__What you need to do__
Copy out the entries that follow exactly, leaving out the pictures.

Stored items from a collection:

..........

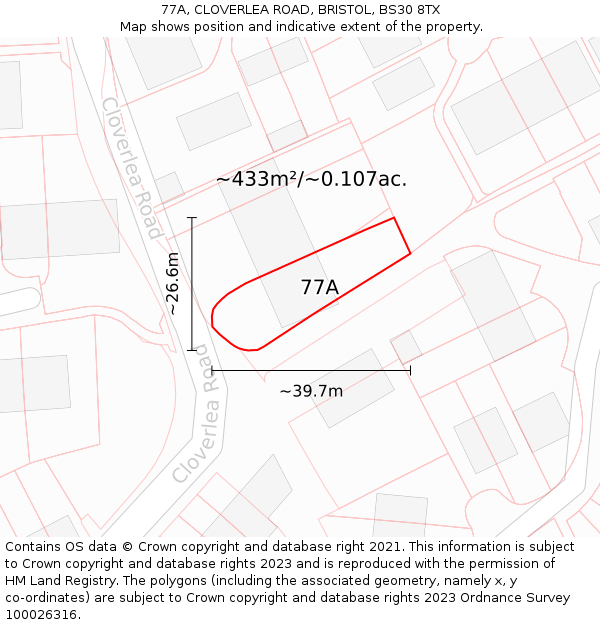 77A, CLOVERLEA ROAD, BRISTOL, BS30 8TX: Plot and title map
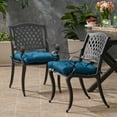 thumbnail image 2 of Brody Outdoor Cast Aluminum Dining Chair with Cushion, Set of 2, Antique Matte Black, Dark Teal, 2 of 6
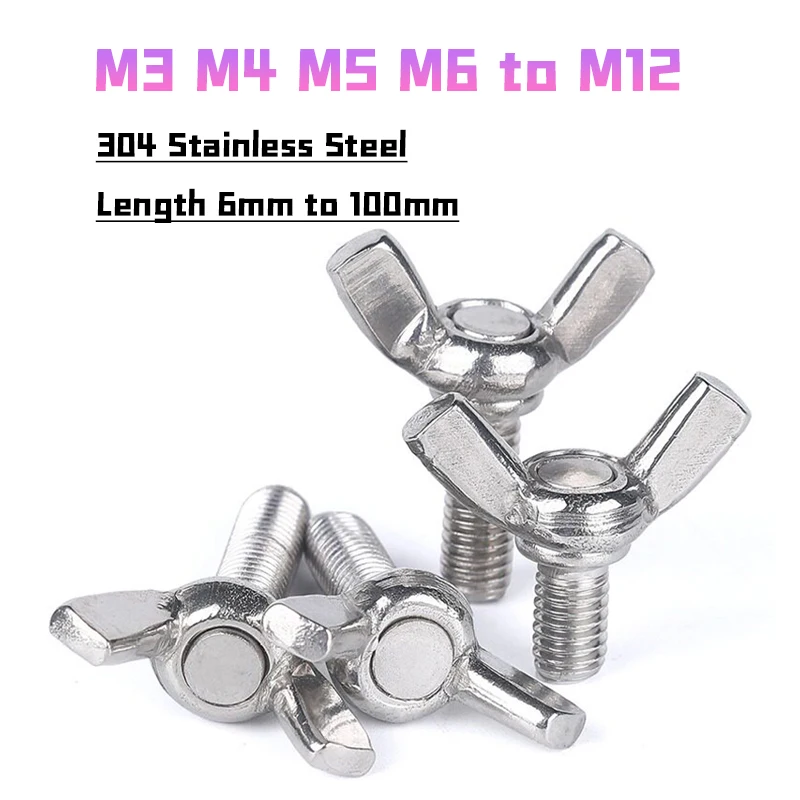 M3 M4 M5 M6 M8 M10 M12 A2-70 304 Stainless Steel Butterfly Wing Bolts Hand Tighting Wing Head Thumb Screws Length 6mm to 100mm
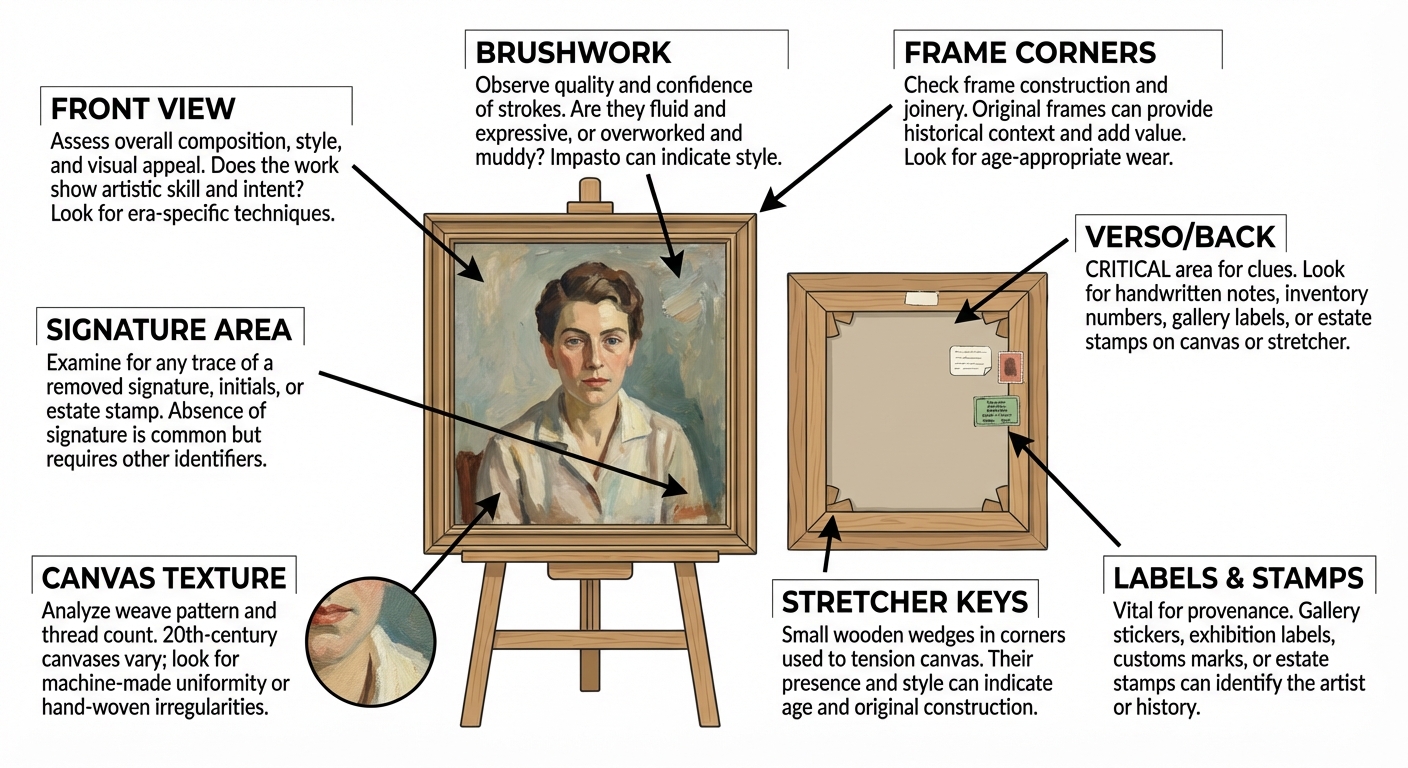 Infographic checklist showing where to look on an unsigned oil painting: front view, signature area, canvas texture, brushwork, frame corners, verso/back, stretcher keys, labels and stamps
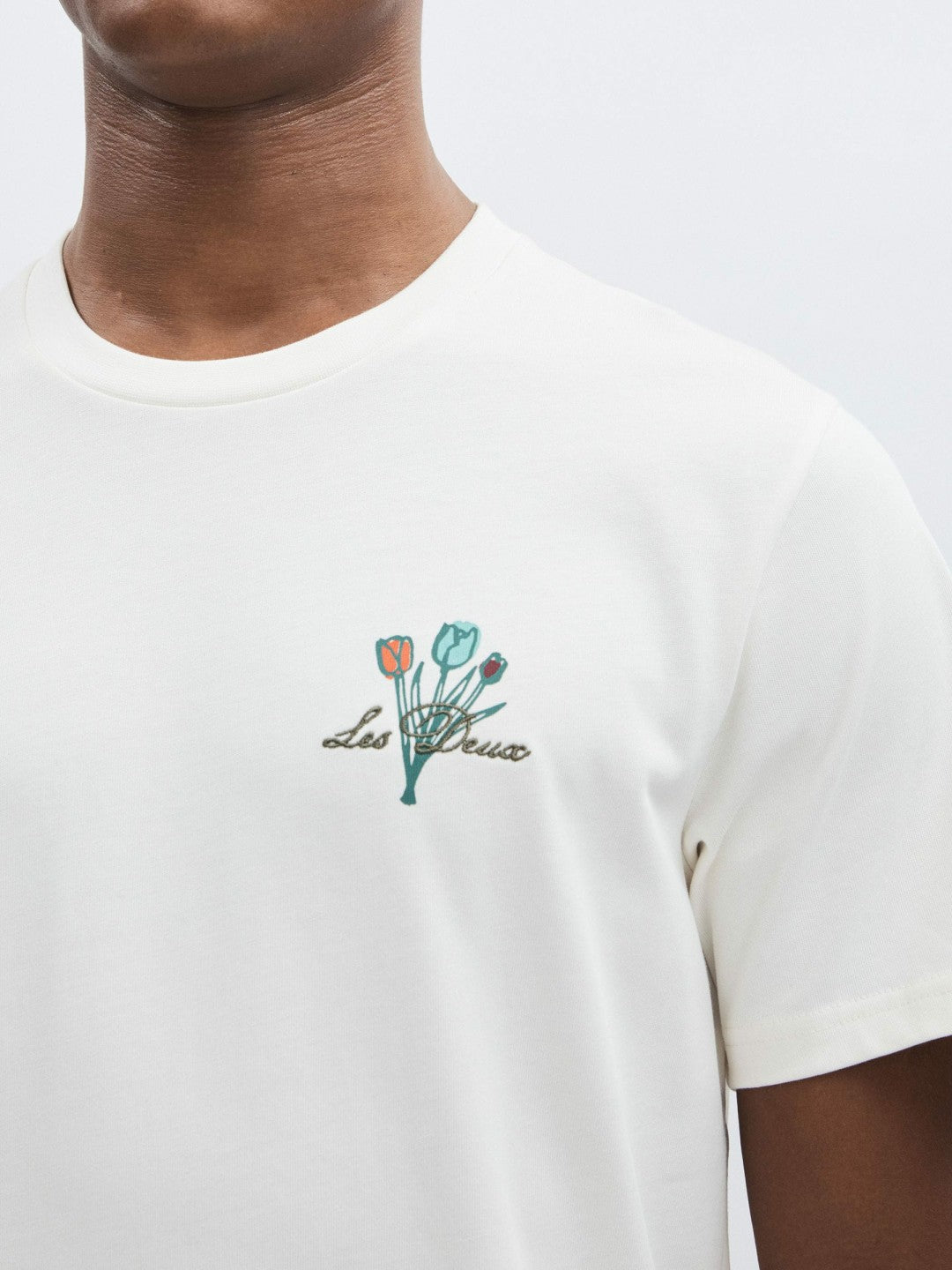 Les Deux 100% Cotton Café Print T-Shirt Ivory Print | Mens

..........

__Answer box__
 77A, CLOVERLEA ROAD, BRISTOL, BS30 8TX: Plot and title map
 thumbnail image 2 of Brody Outdoor Cast Aluminum Dining Chair with Cushion, Set of 2, Antique Matte Black, Dark Teal, 2 of 6
 M3 M4 M5 M6 M8 M10 M12 A2-70 304 Stainless Steel Butterfly Wing Bolts Hand Tighting Wing Head Thumb Screws Length 6mm to 100mm
 Infographic checklist showing where to look on an unsigned oil painting: front view, signature area, canvas texture, brushwork, frame corners, verso/back, stretcher keys, labels and stamps
 Les Deux 100% Cotton Café Print T-Shirt Ivory Print | Mens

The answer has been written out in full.